NEWSMAKERS


NEWSMAKERS

No charges in battery complaint against Chris Brown in Vegas

LAS VEGAS

Authorities in Las Vegas say R&B singer Chris Brown won’t be charged with a crime based on a woman’s complaint about a New Year’s weekend altercation in a casino resort hotel room.

Clark County District Attorney Steve Wolfson said Monday that he met Wednesday with detectives who investigated the Jan. 2 complaint, and they decided there wasn’t enough evidence to seek misdemeanor battery and theft charges.

Police Officer Laura Meltzer characterized the case as suspended.

Police had said the woman complained that Brown hit her and took her cellphone when she tried to snap his photo during a private party in a room at the Palms Casino Resort.

Brown’s publicist, Nicole Perna, didn’t immediately respond to messages.

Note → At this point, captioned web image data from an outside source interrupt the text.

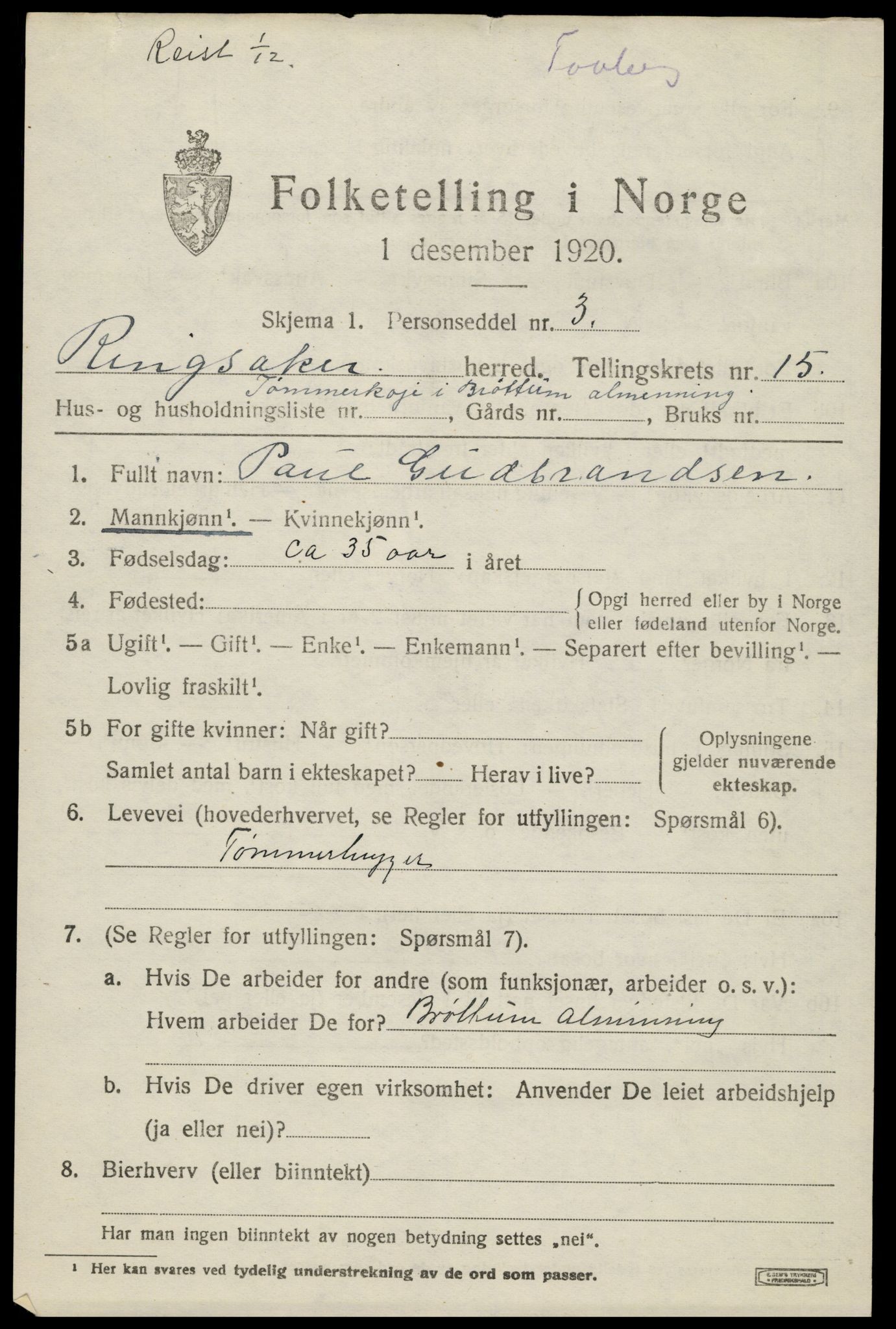 SAH, Folketelling 1920 for 0412 Ringsaker herred, 1920, s. 22976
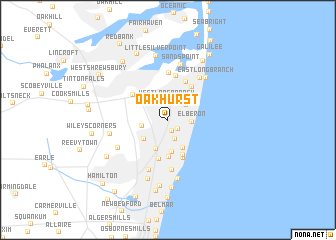 map of Oakhurst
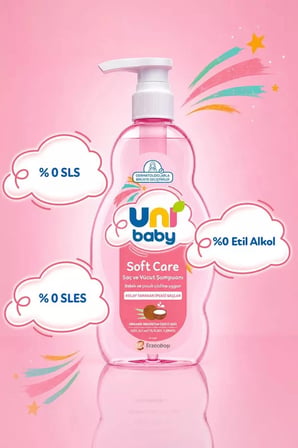 Uni Soft Kolay Tarama Saç ve Vücut Şampuanı 700 ml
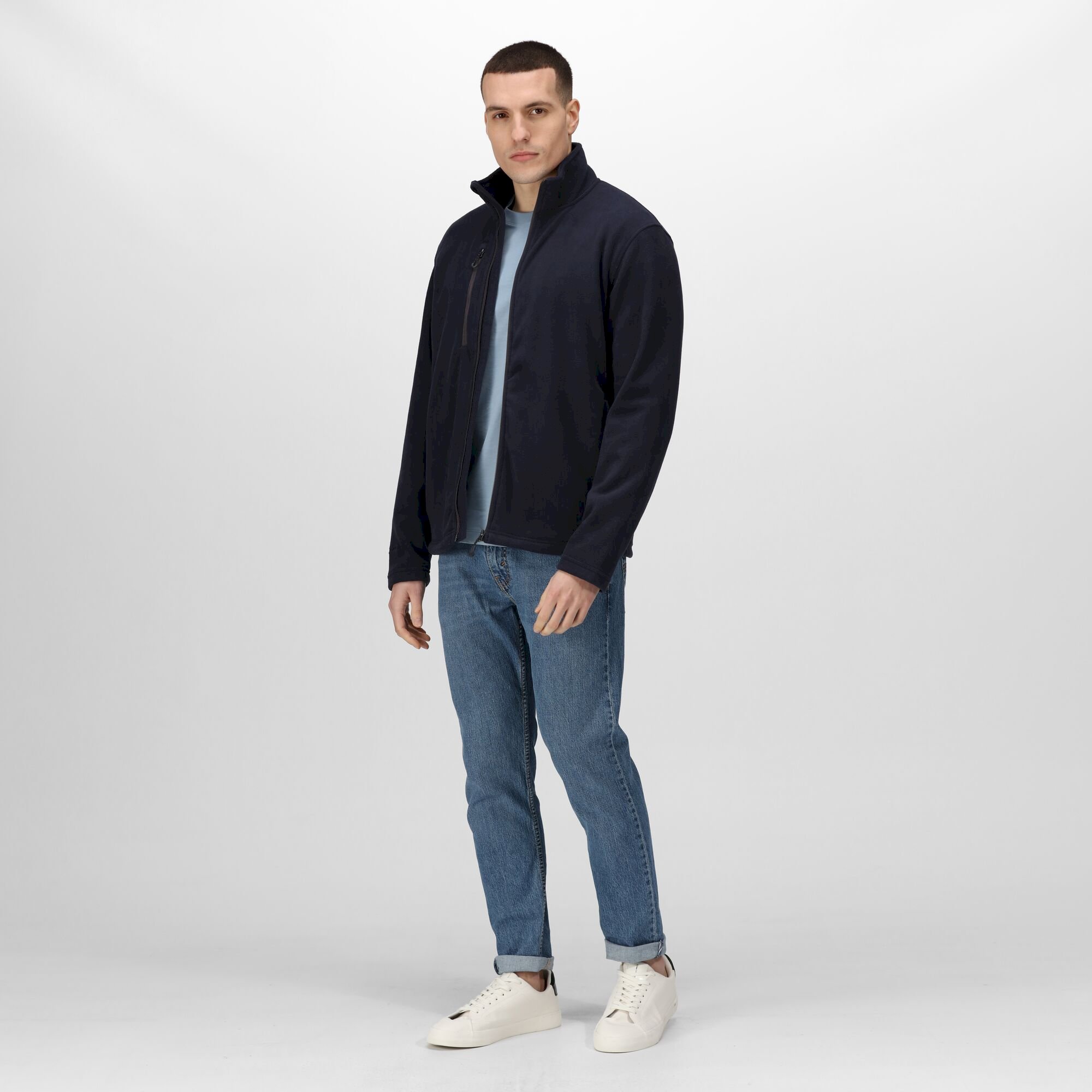 Men's Honestly Made Recycled Fleece Jacket | Navy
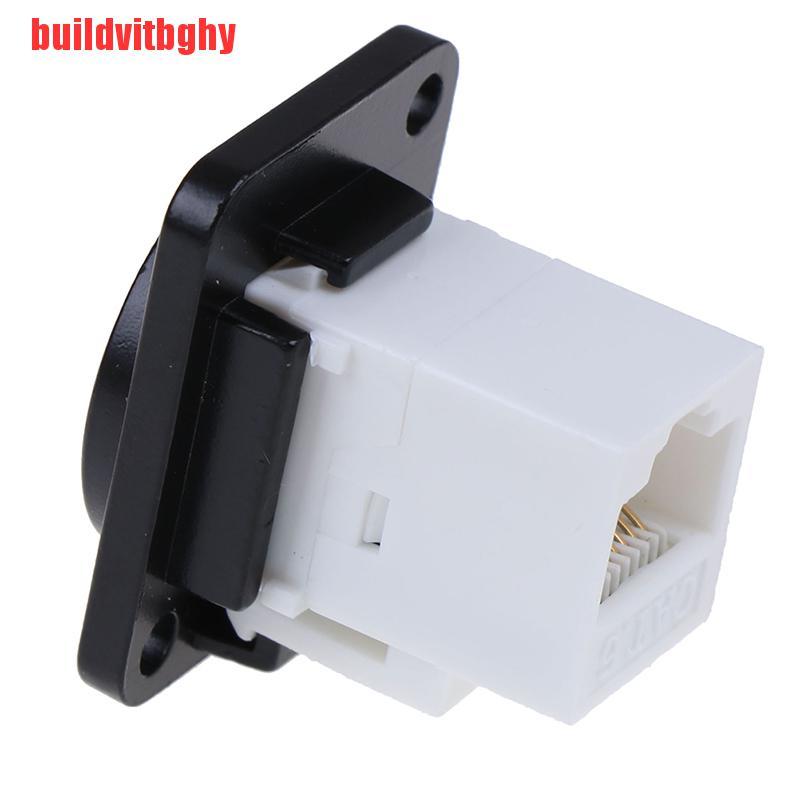 Mua-Codes Rj45 Network Socket D-Type Alloy Mounting Cat6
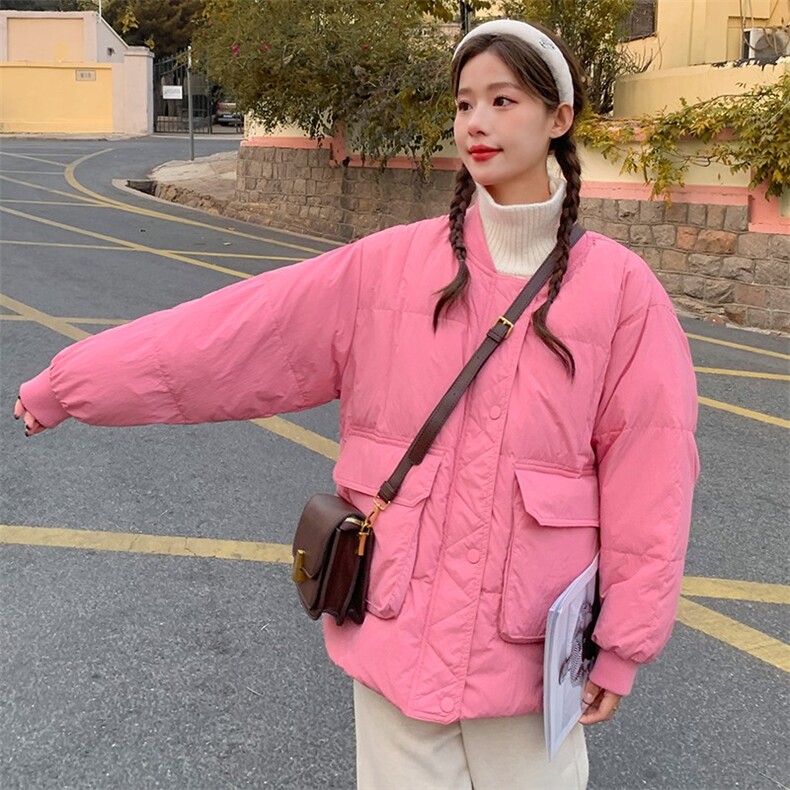 现货转化率高新品六色70羽绒服宽松外套款号T199-P235K358,女装羽绒服,浙宝305
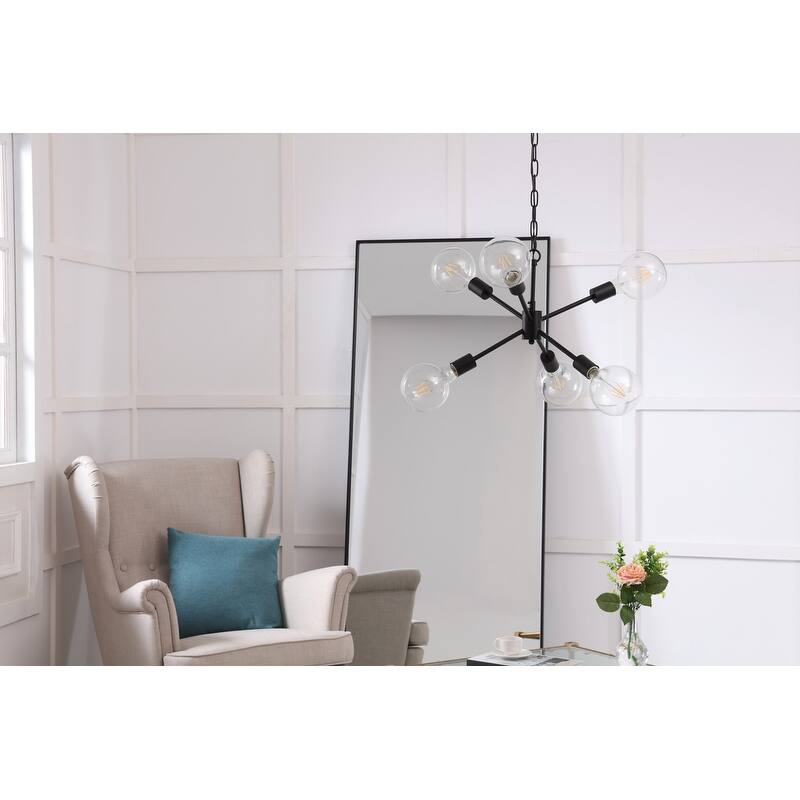 Maya 16-Inch Clear 6-Light Pendant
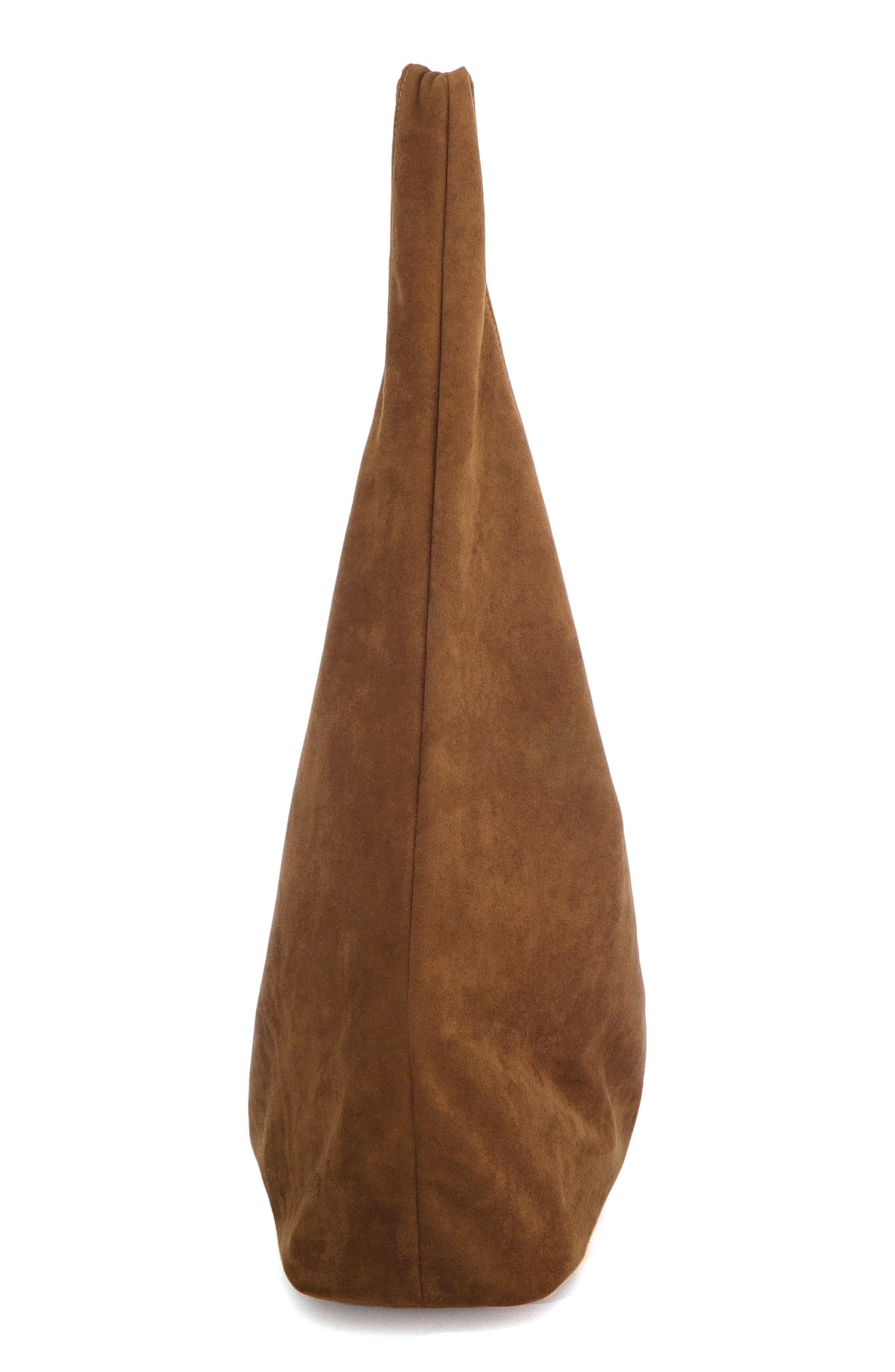 Oversized Hobo Tote, Alternate, color, BROWN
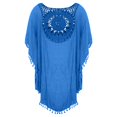thumbnail image 4 of Yuhangmm Coverups for Bathing Suits, Swimwear Cover Up Lightweight Beach Cover Up Off Shoulder Plus Size Wrap With Tassels For Spring And Summer Platform Competitor Title Dark Blue One Size, 4 of 4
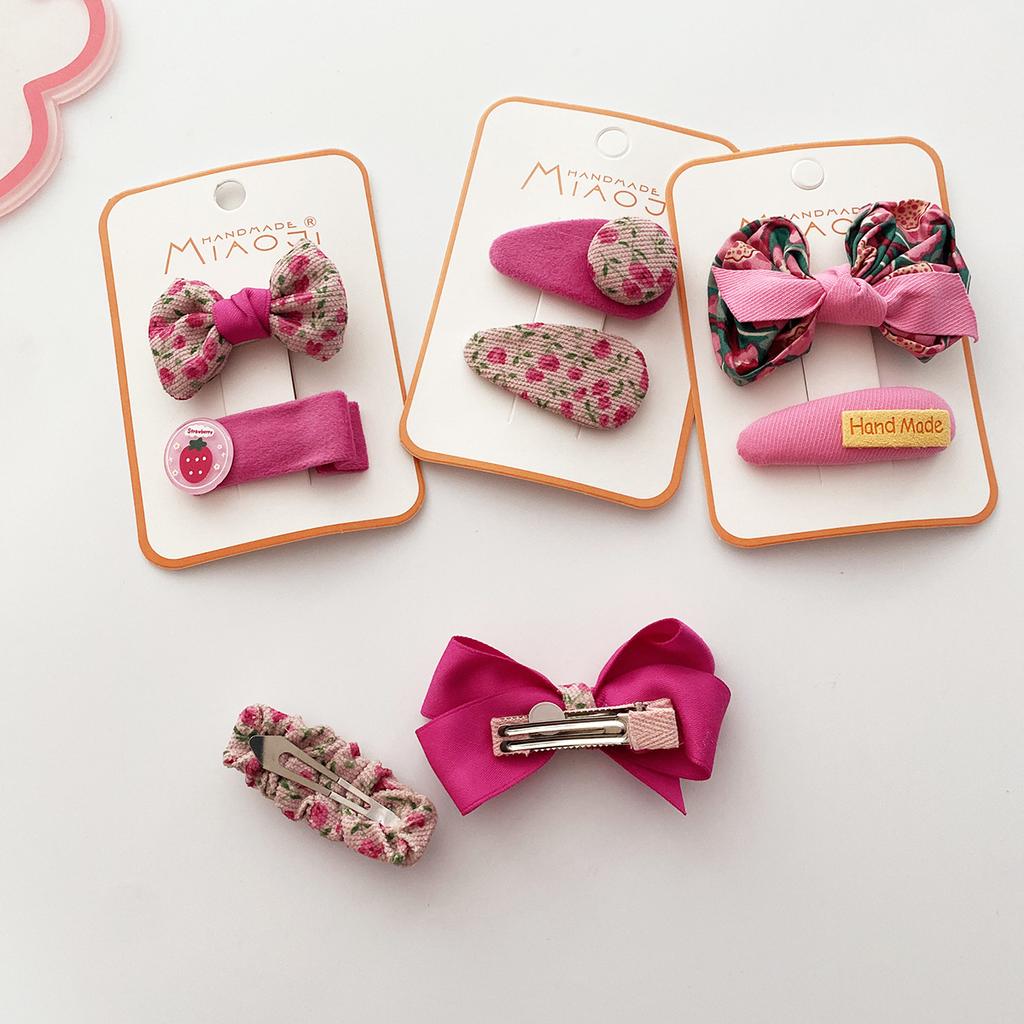 Rose Red Kawaii Bowknot Hairpins Children Baby Girls Kids Hair Clips Bow Pin Barrettes Accessories Hairgrips Headdress Headwear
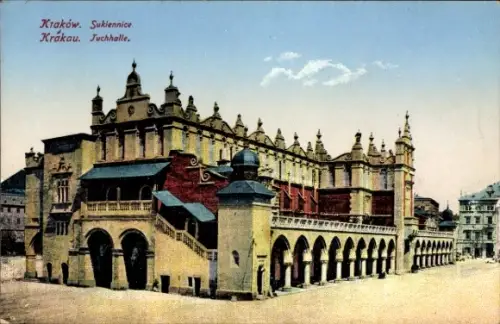 Ak Kraków Krakau Polen, Tuchhalle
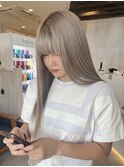 ミルクティーベージュ×髪質改善トリートメント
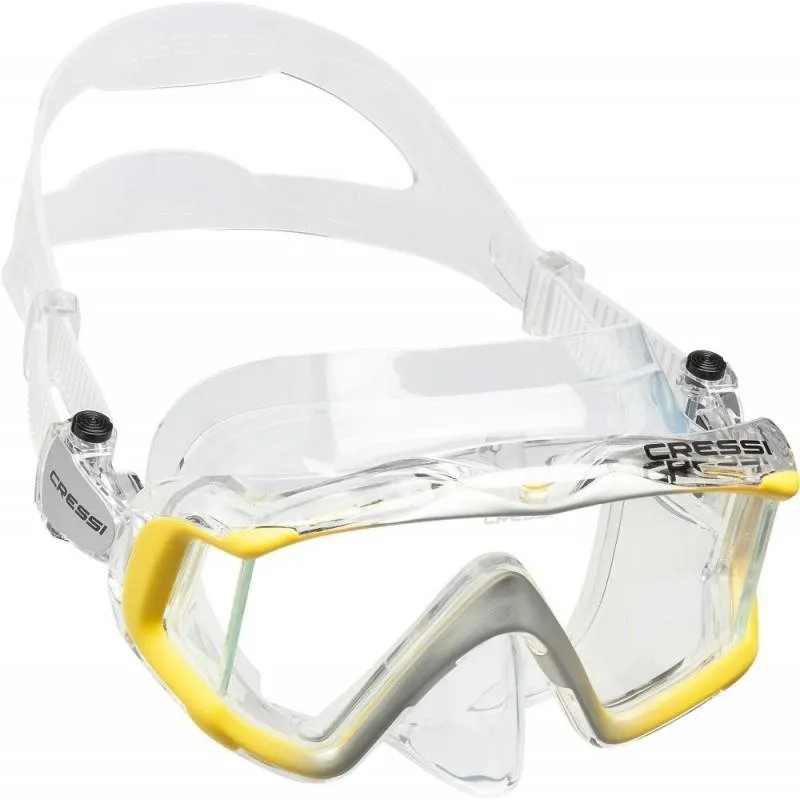 Potápačské okuliare Cressi LIBERTY, transparentná/žltá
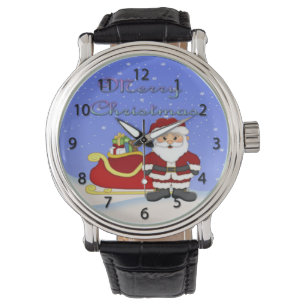 Montre Joyeux Noël Père Noël Watch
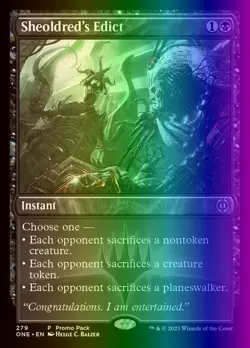 MTG Sheoldred's Edict (279/530) Phyrexia All Will Be One LP FOIL - Image 1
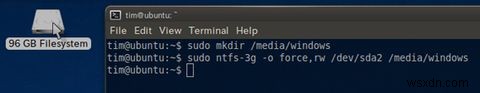 Ubuntuで破損したWindowsNTFSファイルシステムを修正する方法 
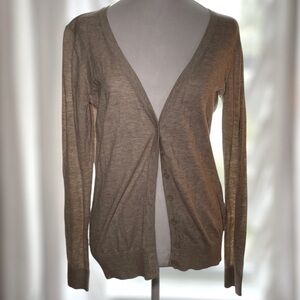Alexander + David Basic Open Front LS Soft Knit Cardigan Sweater W/Pockets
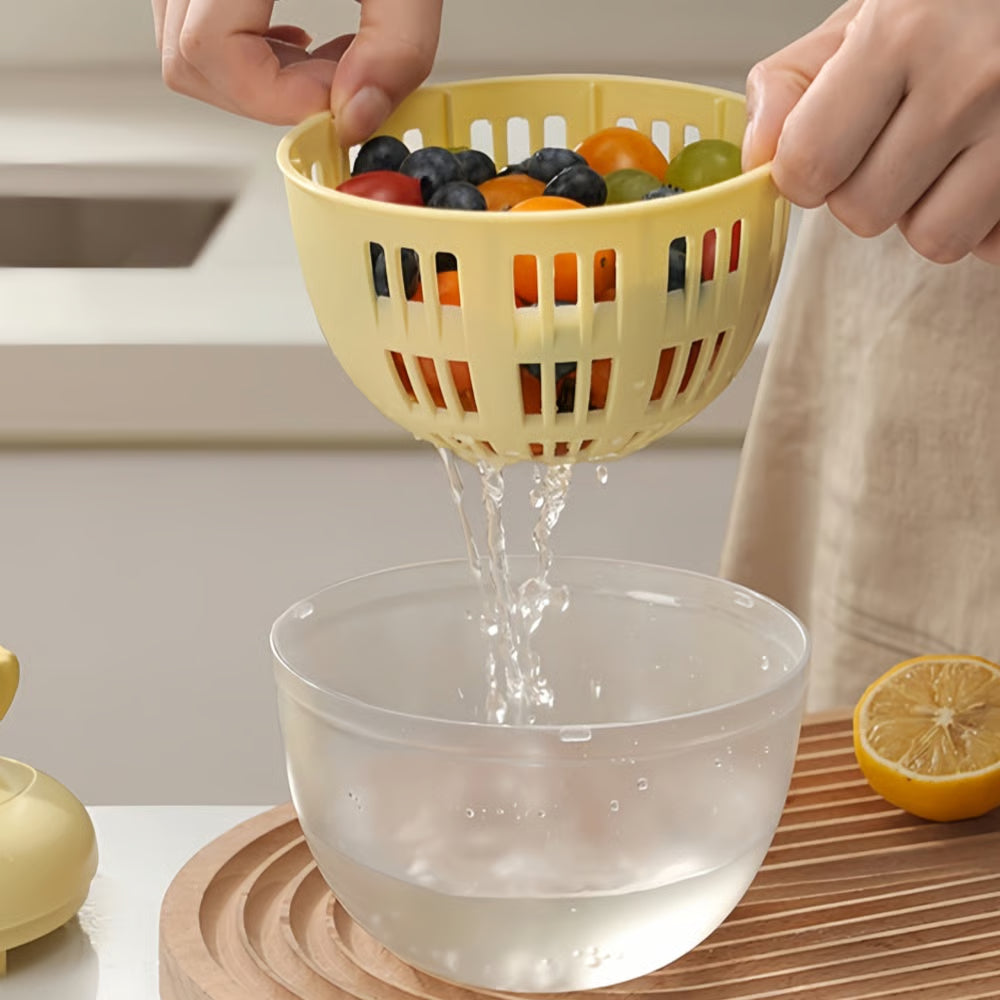 Avtoit | Manual fruit and vegetable spin dryer with removable container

She had called the woman’s account “unequivocally untrue” and a fabrication.

Brown, 26, was in town after performing New Year’s Eve at Drai’s nightclub at The Cromwell Las Vegas.

He completed five years of felony probation last year after pleading guilty to felony assault in a February 2009 attack on his then-girlfriend Rihanna in Los Angeles.

Publisher rejects criticism of decision to pull slavery book

NEW YORK

The publisher Scholastic is rejecting criticism by two leading advocates for free expression that it committed self-censorship in halting distribution of a picture book about slavery.

The National Coalition Against Censorship and the PEN American Center last week chided the publisher for pulling “A Birthday Cake for George Washington,” which had been attacked widely for its depiction of smiling slaves. The two organizations called the decision “a shocking and unprecedented case of self-censorship.”

On Monday, Scholastic released a statement saying that PEN and the NCAC “apparently did not correctly read” the publisher’s initial announcement that it was withdrawing “A Birthday Cake for George Washington.”

Scholastic said that the failure to meet company standards “for appropriate presentation of complex subject matter” was the reason for pulling the book, not any criticism.